Mocktail Staples: The Best Non-Alcoholic Mixed Drinks
Tart Apple-Ginger Shrub
This is more of a teaser of things to come, rather than a look back on the summer that’s past. But we love bringing the sour goodness of an apple pie to a mocktail. This refreshing drink takes days to make, but it is certainly worth the wait. Start by shredding a ripe granny smith apple. Pour the apple shreds, grated ginger, sugar, and apple cider vinegar into a glass jar. Close the lid and let the mixture sit for five days. After the five days are up, strain the apple shreds out of the liquid. The remaining liquid is a refreshing, tart, and tasty mocktail that’s best served cold.
Watermelon-Lime Agua Fresca
Whether it’s grilled watermelon or a tasty watermelon drink, this fruit might be a standout choice. First, blend water, sugar, and watermelon in a blender until it reaches smoothie consistency without any watermelon chunks. Next, pour the smoothie mixture into a large pitcher. Add in lime juice and more water. If you want the drink to be tangy, you can add extra lime juice.

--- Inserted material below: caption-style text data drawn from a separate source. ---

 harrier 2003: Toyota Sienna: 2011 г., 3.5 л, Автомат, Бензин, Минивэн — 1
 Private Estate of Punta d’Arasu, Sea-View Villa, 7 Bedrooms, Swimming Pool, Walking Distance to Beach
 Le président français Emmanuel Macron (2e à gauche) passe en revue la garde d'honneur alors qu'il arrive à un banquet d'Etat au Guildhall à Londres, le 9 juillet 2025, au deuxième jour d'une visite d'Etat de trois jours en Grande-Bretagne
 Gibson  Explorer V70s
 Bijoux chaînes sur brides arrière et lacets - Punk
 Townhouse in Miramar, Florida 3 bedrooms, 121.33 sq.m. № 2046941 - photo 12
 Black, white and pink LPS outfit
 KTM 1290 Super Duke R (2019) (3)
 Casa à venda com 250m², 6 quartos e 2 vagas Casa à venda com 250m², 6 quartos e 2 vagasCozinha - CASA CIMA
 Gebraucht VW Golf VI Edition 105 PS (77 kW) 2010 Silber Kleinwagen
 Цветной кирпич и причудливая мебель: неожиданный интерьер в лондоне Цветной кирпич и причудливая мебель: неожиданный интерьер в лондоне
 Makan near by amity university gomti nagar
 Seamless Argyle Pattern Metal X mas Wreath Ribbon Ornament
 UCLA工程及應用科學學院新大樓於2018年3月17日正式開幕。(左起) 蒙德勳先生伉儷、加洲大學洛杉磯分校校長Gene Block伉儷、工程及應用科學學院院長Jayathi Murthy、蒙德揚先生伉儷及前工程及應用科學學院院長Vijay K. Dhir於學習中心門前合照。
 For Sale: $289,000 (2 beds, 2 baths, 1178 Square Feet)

To make the mocktail sweeter, add in more sugar. Lime or mint garnish makes the mocktail even more appealing. Some people spruce up the recipe by adding a little honeydew or cantaloupe to the watermelon mixture.
Don’t miss out on fruity, tangy, delicious mixed drinks this Labor Day. Sweet and salty, sour and spicy, and even fruity and minty combinations can whet appetites or provide a refreshing moment when you’re out in the sun. Either way, these delicious drinks are worthy of any party menu.